Now, some of you—hopefully most of you—might be sitting there saying, “Tell me something I don’t know!” And you’d be right to feel that way. I haven’t said much that sound Biblical interpreters of various theological stripes would disagree with. At least, they wouldn’t disagree with it on paper. But when the implications of these principles get fleshed out, a lot of toes start to get stepped on. Especially in texts like Genesis 1–11, Ezekiel 40–48, and Revelation 6–20. But we’ll leave those issues for another time.

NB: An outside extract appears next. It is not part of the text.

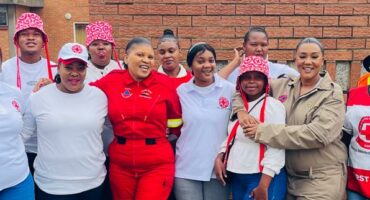 Die Rooikruis-span gereed voor hul vertrek na Heilbron.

The main take-away from the above discussion is that, based on the conclusion that Scripture is God’s communication to man (Heb 1:1-3), one’s default approach to understanding any passage of Scripture is to understand it in its plain, normal sense. And if we were ever to deviate from that default sense (which is certainly sometimes warranted), the burden of proof is on us to show why that’s a legitimate move. And such evidence must be presented from the text and context of Scripture itself.

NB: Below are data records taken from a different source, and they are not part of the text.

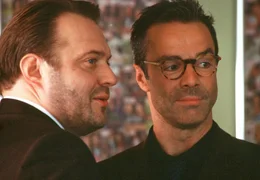 Beste Freunde: Maximilian (Jan-Gregor Kremp, li.) und Konrad (Hannes Jaenicke).
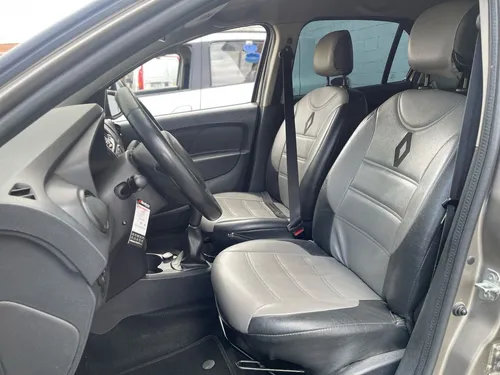 Renault Logan 1.6 Privilege / Intens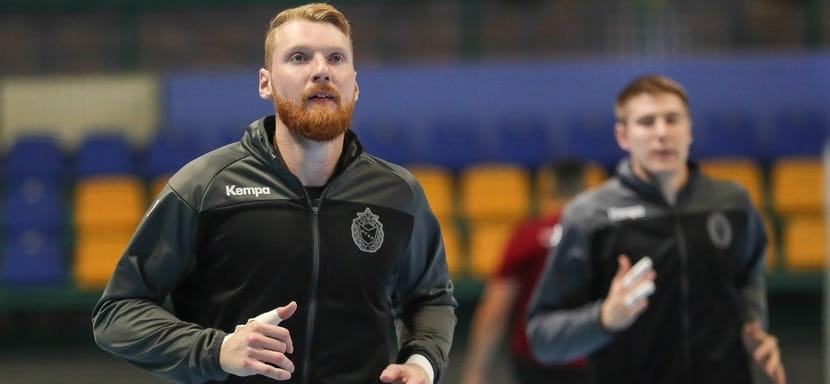 Olimpbet Суперлига. Роман Царапкин: "В детстве стоял выбор — футбол или гандбол. Учитывая мой рост, решение было принять несложно"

God has spoken. What a remarkable truth! And He has spoken to us. What a breathtaking reality! And He has spoken to us clearly. What a marvelous gift! How unfortunate it would be to take an infallible, inerrant, clear text of Scripture and preach error from it because we’ve sought to make it more complicated than it is.


[1] John Piper, Think: The Life of the Mind and the Love of God (Wheaton, IL: Crossway Books, 2010), 45.

[2] As quoted in Robert L. Thomas, Evangelical Hermeneutics: The New Versus the Old (Grand Rapids: Kregel Publications, 2003), 291.

Revealed or Concealed

In my last post, I tried to lay a foundation for an understanding of some ground-level issues relating to hermeneutics, or principles of interpretation of Scripture. Like I mentioned there, studying hermeneutics is rather tricky, because it seems circular to attempt to interpret Scripture in order to glean biblical principles of interpretation. You know, chicken or egg?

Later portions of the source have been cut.